When a moving party submits affidavits or other evidence for the Court's consideration on a motion to dismiss, the Court ordinarily may not consider such materials unless the motion is treated as one for summary judgment. Fed. R. Civ. P. 12(d). Before converting a motion to dismiss to one for summary judgment, courts must give the nonmoving party "a reasonable opportunity to present all the material that is pertinent to the motion." Id. "Reasonable opportunity" has two requirements: (1) the nonmoving party must have some notice that the court is treating the Rule 12(b)(6) motion as a motion for summary judgment, and (2) the nonmoving party "must be afforded a reasonable opportunity for discovery" to obtain information essential to oppose the motion. Gay v. Wall, 761 F.2d 175, 177 (4th Cir. 1985) (citation omitted). To show that a reasonable opportunity for discovery has not been afforded, the nonmoving party must file an affidavit or declaration under Rule 56(d), or submit an equivalent request, explaining why "for specified reasons, it cannot present facts essential to justify its opposition." Fed. R. Civ. P. 56(d); see Harrods Ltd. v. Sixty Internet Domain Names, 302 F.3d 214, 245 (4th Cir. 2002).
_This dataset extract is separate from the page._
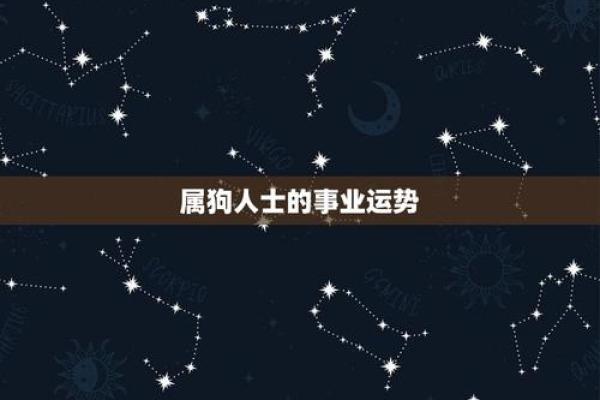 1970年出生的属狗人：命运、性格与运势解析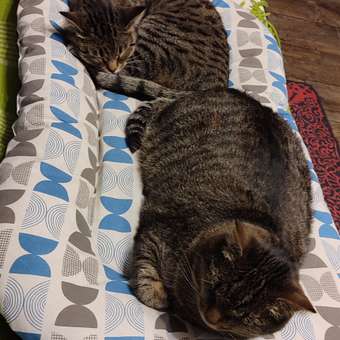 Лежак-матрас Barbaks L 80*50*5см рисунок узорчатый: отзыв пользователя. Зоомагазин Зоозавр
Here, Townsend is on notice from the title of Defendants' motion that it may be treated as one seeking summary judgment, and he has not asserted a need for discovery. Instead, he has offered his own exhibits in support of his response and has filed a Cross-Motion for Summary Judgment. Although Townsend has not provided a declaration under oath despite being advised of his right to do so, his Complaint is verified and thus may be considered by the Court in ruling on a motion for summary judgment. See Williams v. Griffin, 952 F.2d 820, 823 (4th Cir. 1991) (holding that "a verified complaint is the equivalent of an opposing affidavit for summary judgment purposes, when the allegations contained therein are based on personal knowledge"). Accordingly, the Court construes Defendants' Motion as seeking summary judgment.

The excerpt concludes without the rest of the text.